- What you need to do -
Transcribe only what runs from the line containing "Підвісний органайзер для" through the final line below, exactly, and leave every picture out.

- Data section -
□ □ □ □
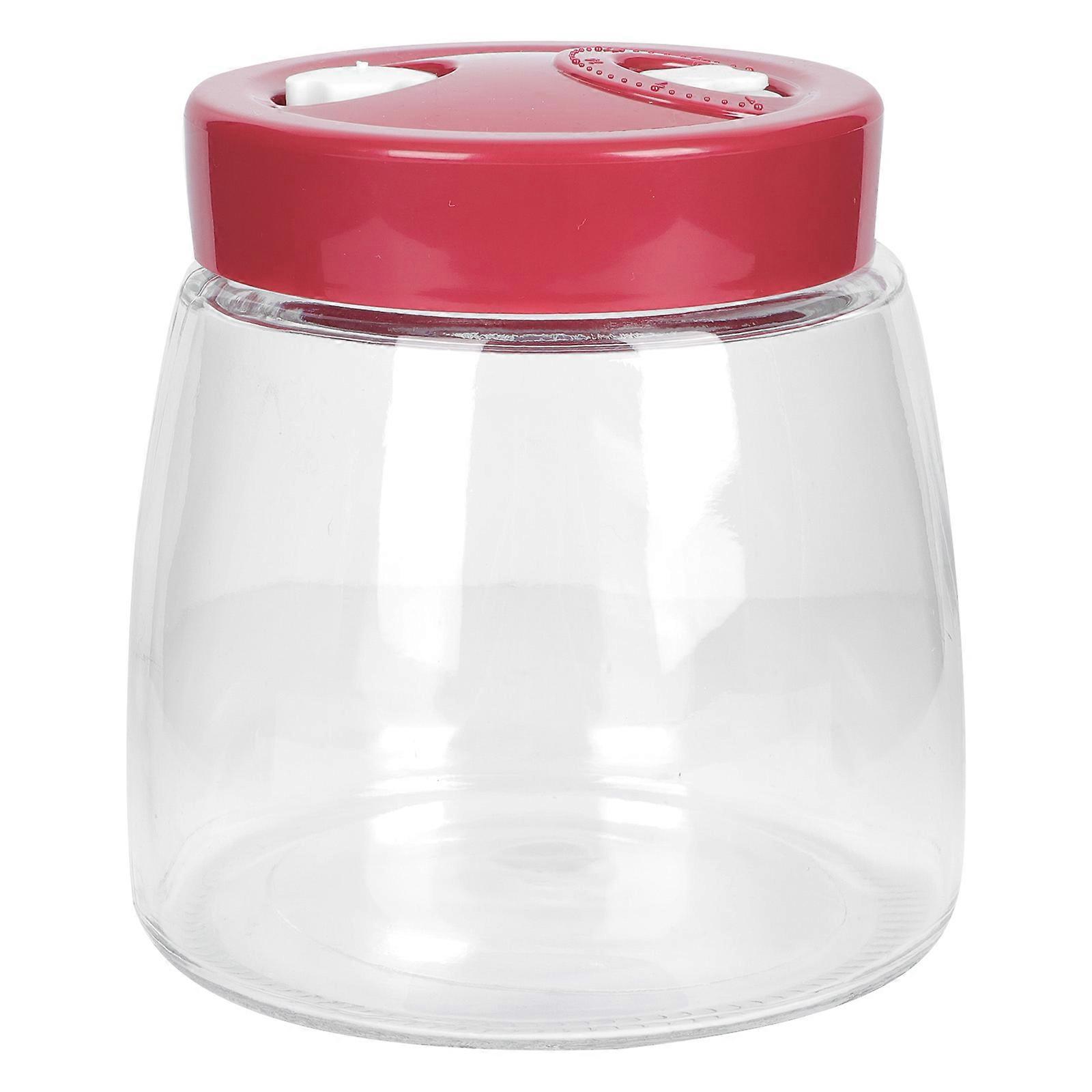 Red Glass Bottle for Storage Crafted of Food Grade Glass with Large Capacity Perfect for Kitchen Use 1Pc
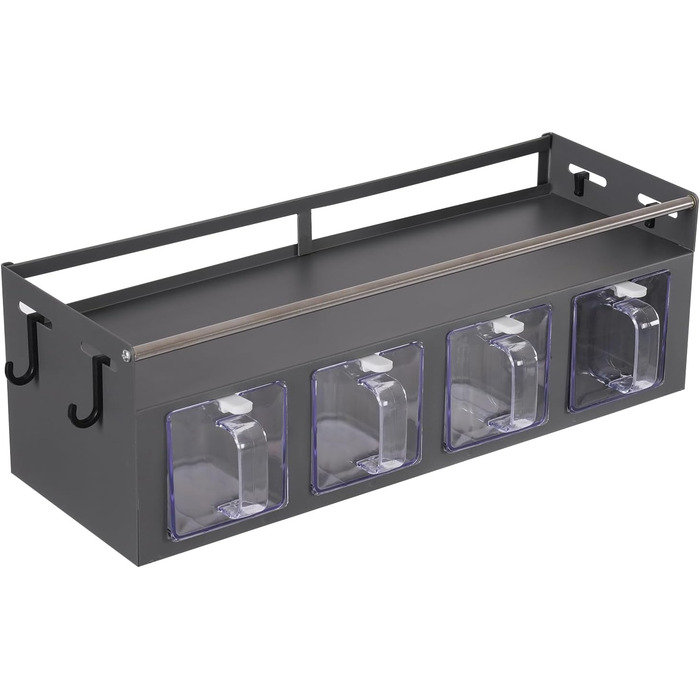 Підвісний органайзер для спецій з 4 знімними підставками для спецій, настінна кухонна підставка для солі, перцю, цукру, спецій (сіра)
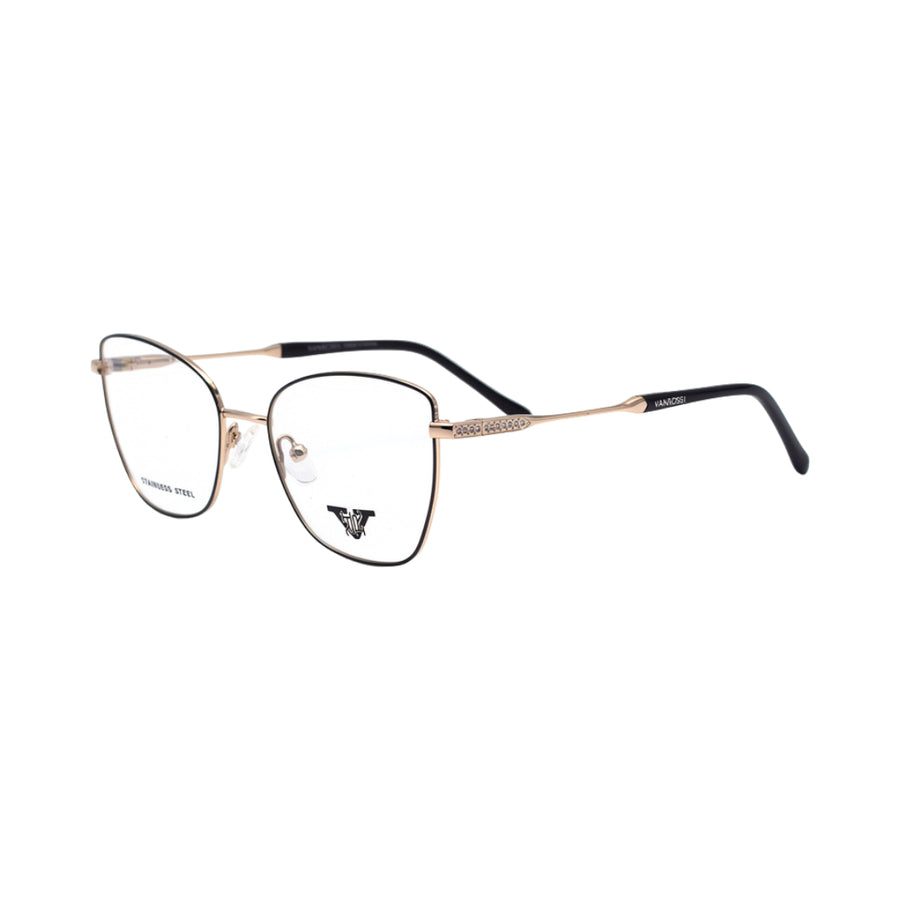 VANROSSI Women's Black and Gold Cat-Eye Eyeglass Frame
□ □ □ □
- Solution to this task -
 Підвісний органайзер для спецій з 4 знімними підставками для спецій, настінна кухонна підставка для солі, перцю, цукру, спецій (сіра)
 VANROSSI Women's Black and Gold Cat-Eye Eyeglass Frame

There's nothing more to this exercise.